Dye-sensitized solar cell
In 1991 at EPFL in Switzerland, Michael Graetzel first discovered this cell, so it is also called Graetzel. The basic titania based DSC cell consists of a sandwich of TiO2, dye, electrolyte and catalyst between two conductive transparent electrodes. Upon illumination of the cell, charge separation occurs by electron injection from the excited state dye molecule into the conduction band of TiO2. Simply, light excites the dye, sending an electron on its way to be picked up and transmitted by the semiconducting titania to become electrical energy. The dye is then reduced by an electron transferred by the redox couple.
Dye-sensitized solar cell is a new type solar cell which differs from conventional photovoltaics as follows: Itisa photoelectrochemical cell: charge separation occurs on interface between a wide bandgap semiconductor and an electrolyte. It is a nanoparticulate titania cell: it is not a dense film as is amorphous silicon, but a “ light sponge”. It is a dye-sensitized cell: a dye monolayer chemically adsorbed on the semiconductor is a primary absorber of sunlight; free charge carriers are generated by electron injections from a dye molecule, excited by visible radiation.
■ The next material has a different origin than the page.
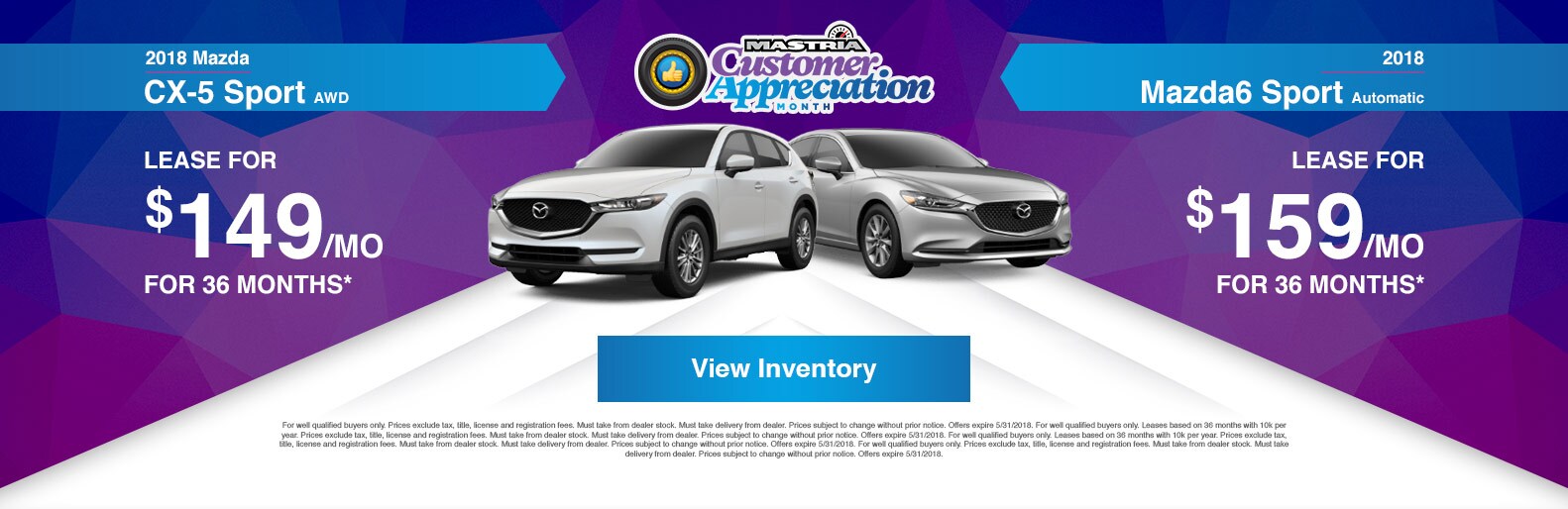 Mastria Auto Group New & Used Car Sales & Service in Raynham, MA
Much less sensitive to angle of incidence of radiation good in refracted and reflected light. Performs over a much wider range of light conditions due to the high internal surface of titania(“light sponge”)-can be designed for operation at very low light. Can be designed to operate optimally over a wide range of temperatures.Much less sensitive to a partial shadowing. Option for transparent modules-so can be used for daylighting, roof lighting, displays. DSC production needs only commonly available non vacuum processing equipment, making it vastly cheaper to set up facilities. DSC has significantly lower embodied energy than all other forms of solar cell.
The DSC development in IPP:
In 2004, we establish the fist 500W DSC primary power station in the world.